More info on Channels

You can find some more user-oriented notes on Channels at What is a "conda channel"? and Repository structure and index. If you are interested in more technical details, check the corresponding documentation pages at conda-build.

The important bits are:

  • A channel contains one or more platform-specific directories (linux-64, osx-64, etc.), plus a platform-agnostic directory called noarch. In conda jargon, these are also referred to as channel subdirs. Officially, the noarch subdirectory is enough to make it a conda channel; e.g. no platform subdirectory is necessary.

  • Each subdir contains at least a repodata.json file: a gigantic dictionary with all the metadata for each package available on that platform.

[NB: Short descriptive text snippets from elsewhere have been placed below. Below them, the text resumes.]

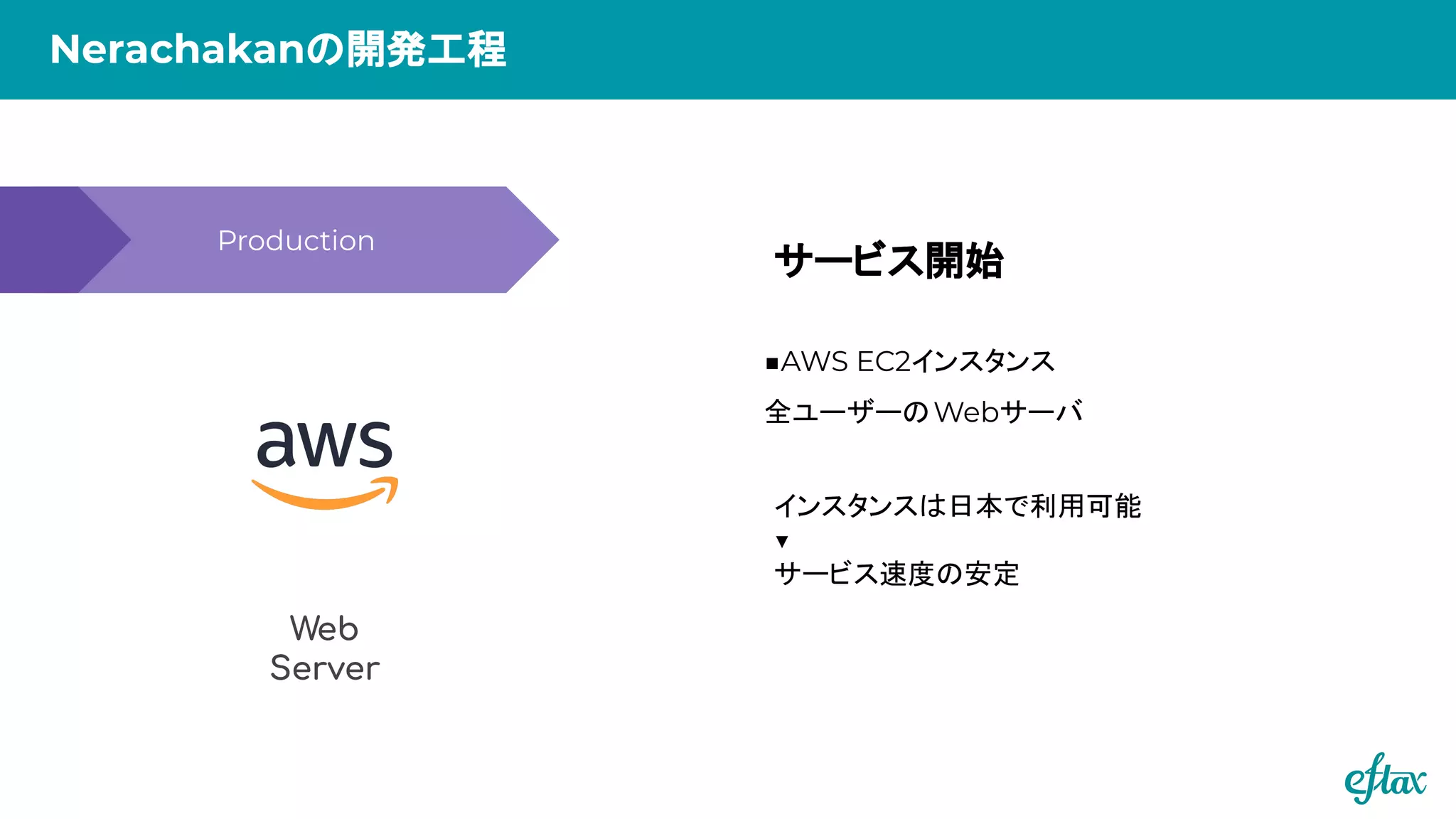 Production
Web
Server
Nerachakanの開発工程
■AWS EC2インスタンス
全ユーザーのWebサーバ
サービス開始
インスタンスは日本で利用可能
▼
サービス速度の安定
 
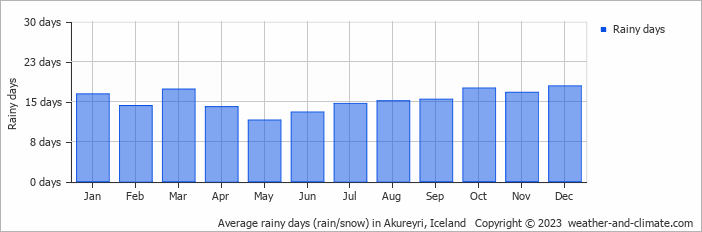 Average rainy days (rain/snow) in Akureyri, Iceland   Copyright © 2023  weather-and-climate.com  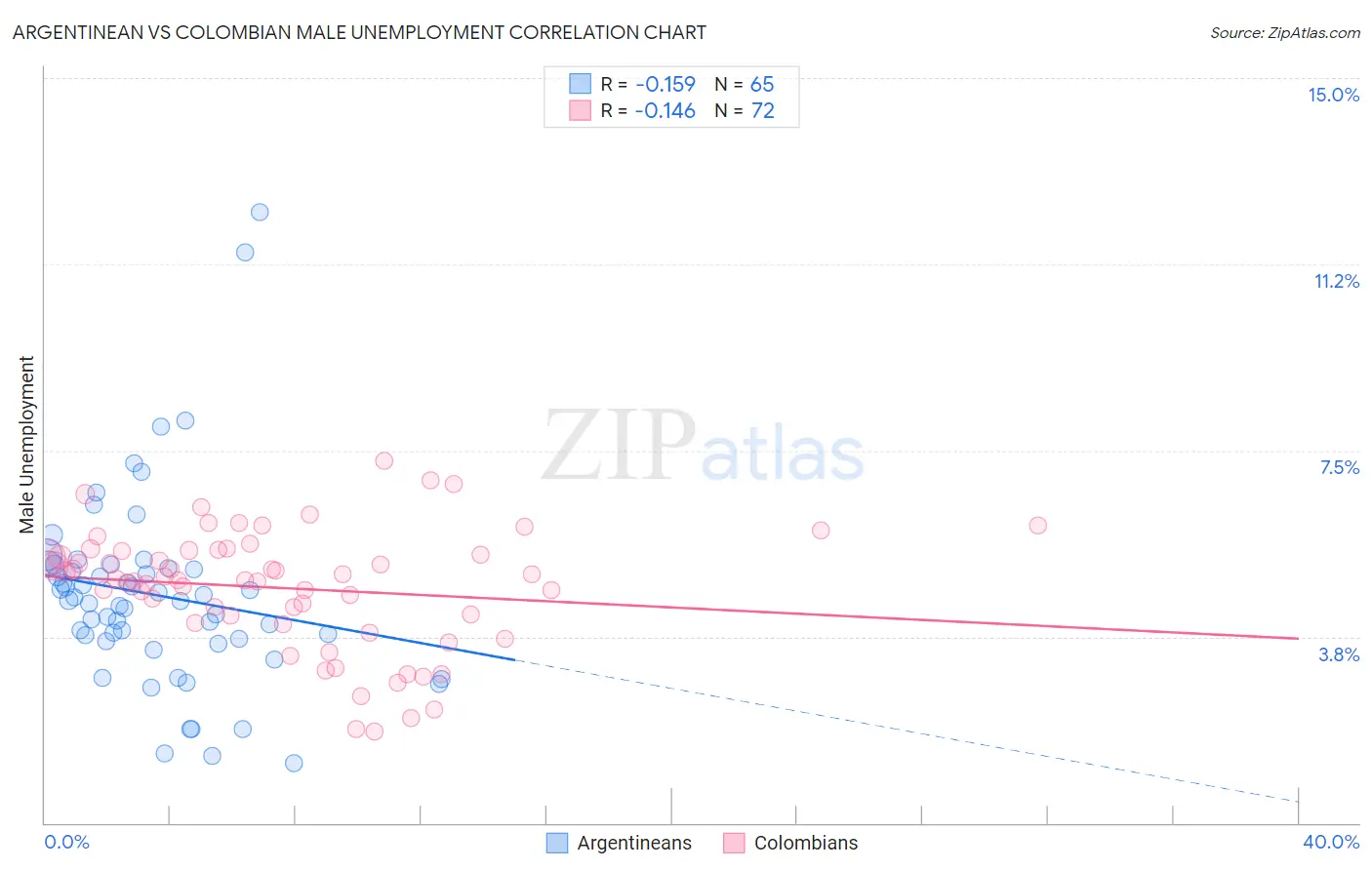 Argentinean vs Colombian Male Unemployment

  • In most cases, the same subdirs also contain the *.tar.bz2 files for each of the published packages. This is what conda downloads and extracts once solving is complete. The anatomy of these files is well defined, both in content and naming structure. See What is a conda package?, Package metadata and/or Package naming conventions for more details.

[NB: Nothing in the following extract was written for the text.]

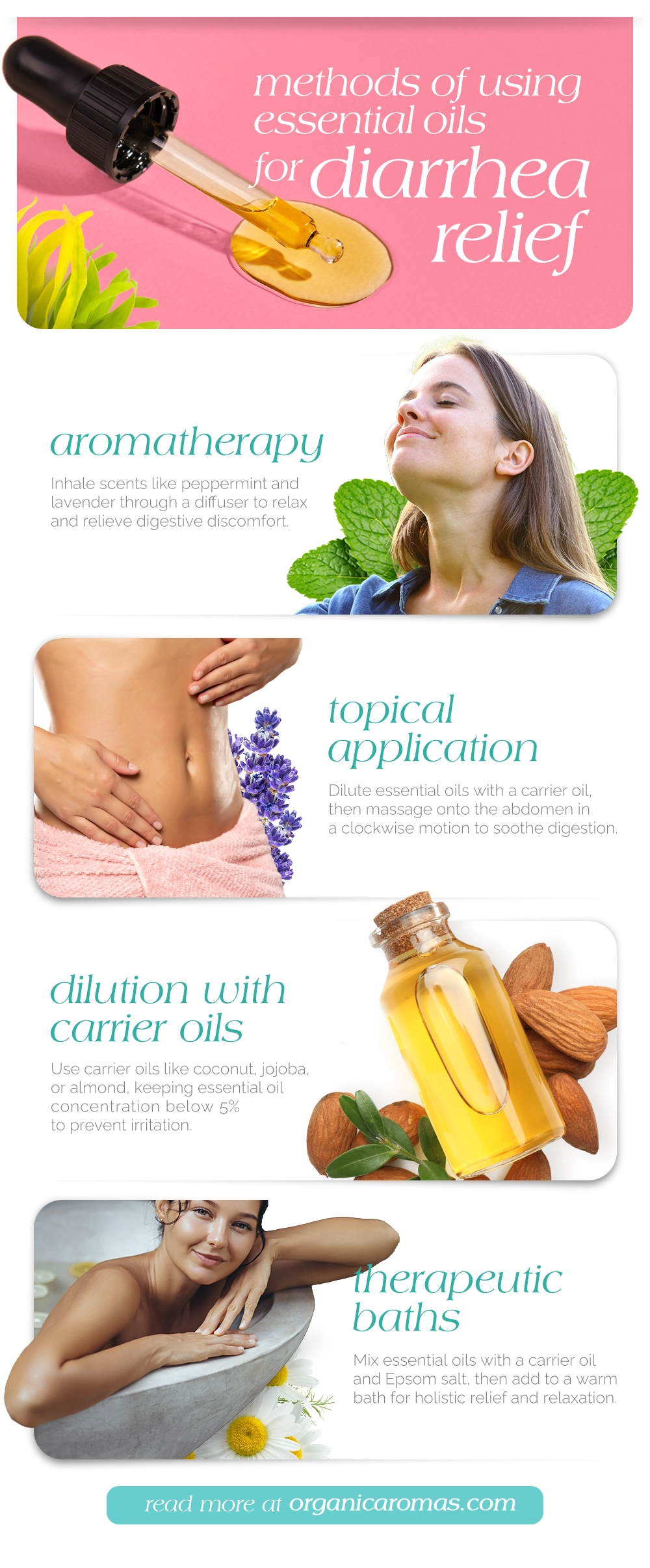 Methods of Using Essential Oils for Diarrhea Relief Infographic by organic aromas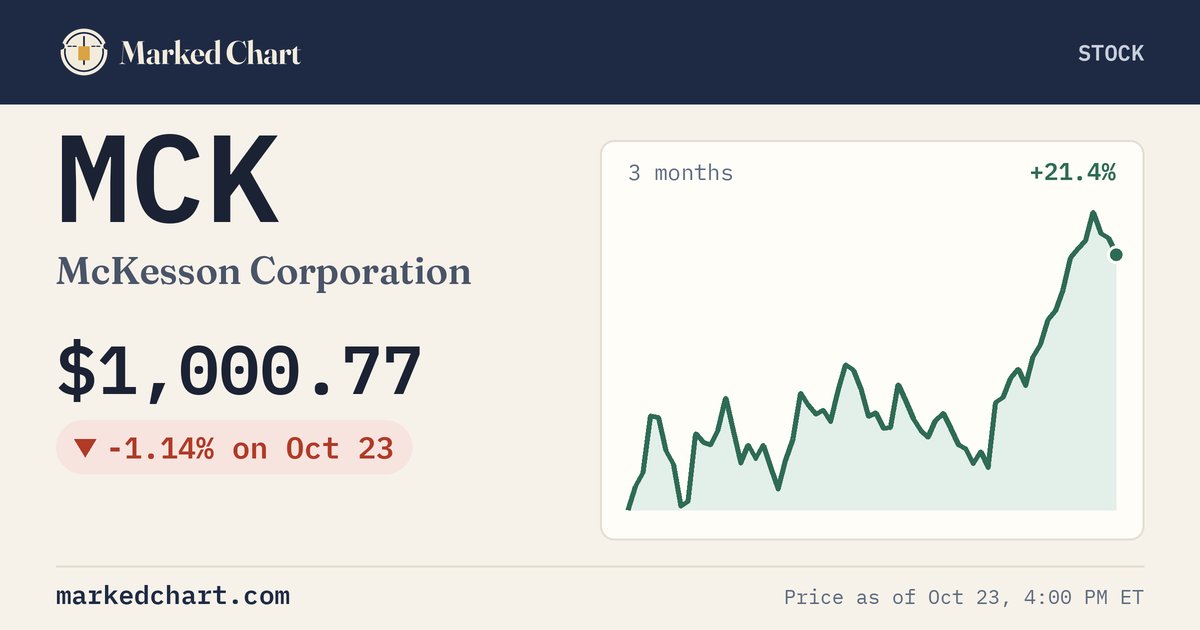 MCK price and 3-month chart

Additionally, the channel’s main directory might contain a channeldata.json file, with channel-wide metadata (this is not specific per platform). Not all channels include this, and in general it is not currently something that is commonly utilized.

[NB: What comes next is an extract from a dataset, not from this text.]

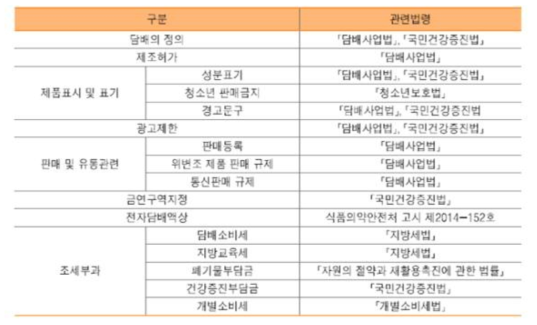 전자담배 관련 규제현황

Since conda’s philosophy is to keep all packages ever published around for reproducibility, repodata.json is always growing, which presents a problem both for the download itself and the solver engine. To reduce download times and bandwidth usage, repodata.json is also served as a BZIP2 compressed file, repodata.json.bz2. This is what most conda clients end up downloading.

Note on ‘current_repodata.json’

More repodatas variations can be found in some channels, but they are always reduced versions of the main one for the sake of performance. For example, current_repodata.json only contains the most recent version of each package, plus their dependencies. The rationale behind this optimization trick can be found here.

So, in essence, fetching the channel information means it can be expressed in pseudo-code like this:

platform = {}
noarch = {}
for channel in reversed(context.channels):
    platform_repodata = fetch_extract_and_read(
        channel.full_url / context.subdir / "repodata.json.bz2"
    )
    platform.update(platform_repodata)
    noarch_repodata = fetch_extract_and_read(
        channel.full_url / "noarch" / "repodata.json.bz2"
    )
    noarch.update(noarch_repodata)

Note that these dictionaries are keyed by filename, so higher priority channels will overwrite entries with the exact same filename (e.g. numpy-1.19-py36h87ha43_0.tar.bz2). If they don’t have the same filename (e.g., same version and build number but different hash), this ambiguity will be resolved later in the solver, taking into account the channel priority mode.

In this example, context.channels has been populated through different, cascading mechanisms:

  • The default settings as found in ~/.condarc or equivalent.

  • The CONDA_CHANNELS environment variable (rare usage).

  • The command-line flags, such as -c <channel>, --use-local or --override-channels.

  • The channels present in a command-line spec. Remember that users can say channel::numpy instead of simply numpy to require that numpy comes from that specific channel. That means that the repodata for such channel needs to be fetched, too!

The items in context.channels are supposed to be conda.models.channels.Channel objects, but the Solver API also allows strings that refer to their name, alias or full URL. In that case, you can use Channel objects to parse and retrieve the full URL for each subdir using the Channel.urls() method. Several helper functions can be found in conda.core.index, if needed.

Sadly, fetch_extract_and_read() does not exist as such, but as a combination of objects. The main driving function is actually get_index(), which passes the channel URLs to fetch_index, a wrapper that delegates directly to conda.core.subdir_data.SubdirData objects. This object implements caching, authentication, proxies and other things that complicate the simple idea of “just download the file, please”. Most of the logic is in SubdirData._load(), which ends up calling conda.core.subdir_data.fetch_repodata_remote_request() to process the request. Finally, SubdirData._process_raw_repodata_str() does the parsing and loading.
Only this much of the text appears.